__COLLECTED DATA__:
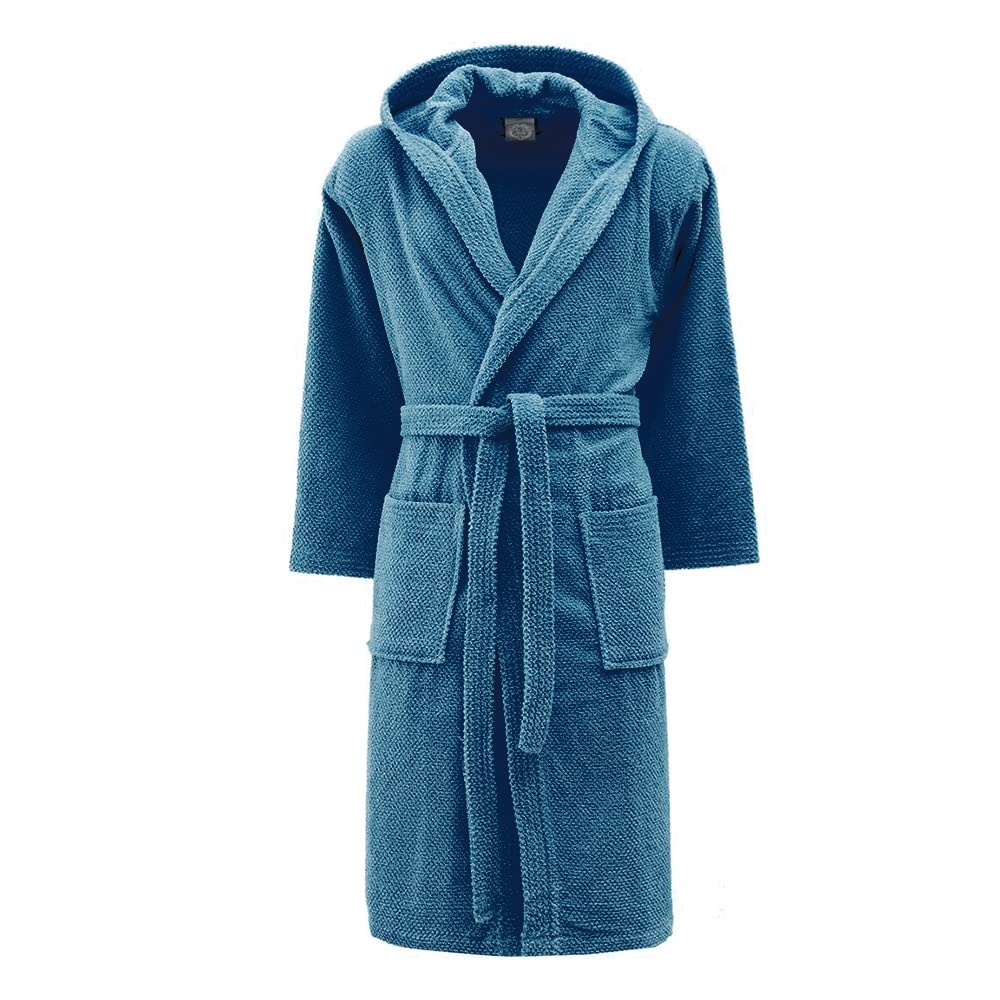 Accappatoio BICHICCO-XL blu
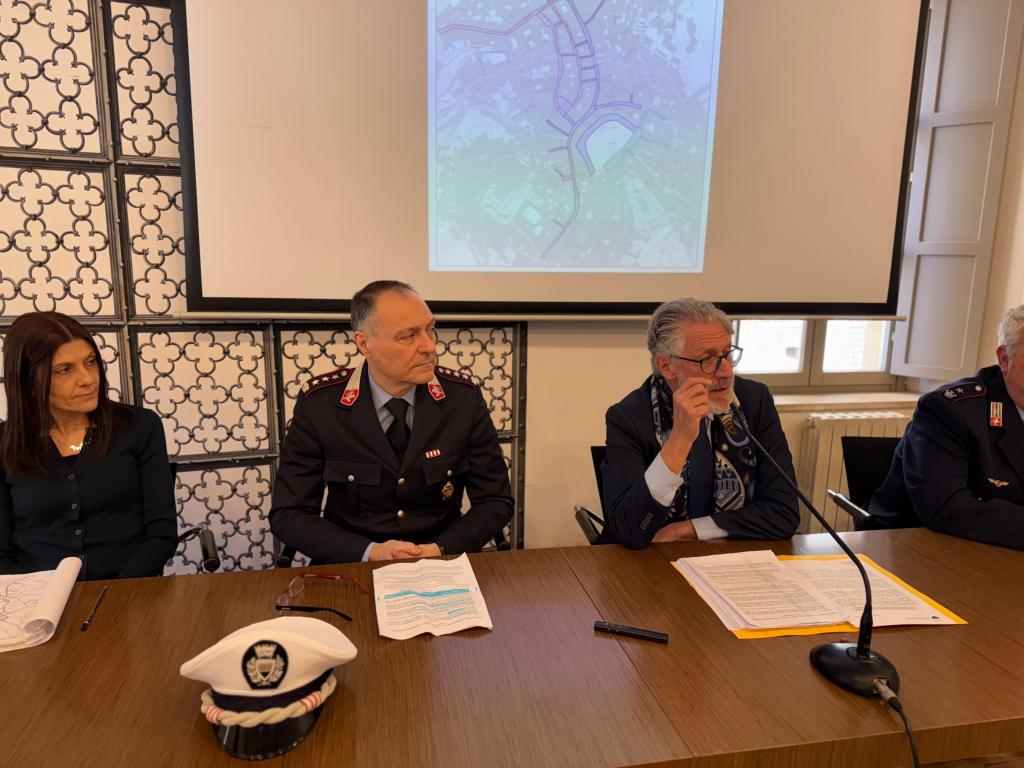 Siena, l’allargamento della “Y storica” diventa definitivo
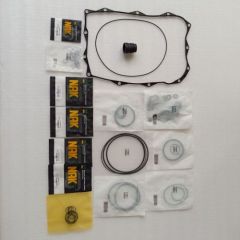 8HP45-T21802A-AM Overhaul Kit AM 8HP45 T21802A Automatic Transmission For AUDI BMW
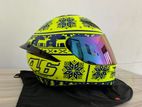 Agv Helmet Japan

__WHAT TO WORK ON__:
Reproduce, word for word, the lines from the one containing "8HP45-T21802A-AM Overhaul Kit" to the end of the material, both ends included. No picture is copied.

__OUTPUT OF THE EXERCISE__:
 8HP45-T21802A-AM Overhaul Kit AM 8HP45 T21802A Automatic Transmission For AUDI BMW
 Agv Helmet Japan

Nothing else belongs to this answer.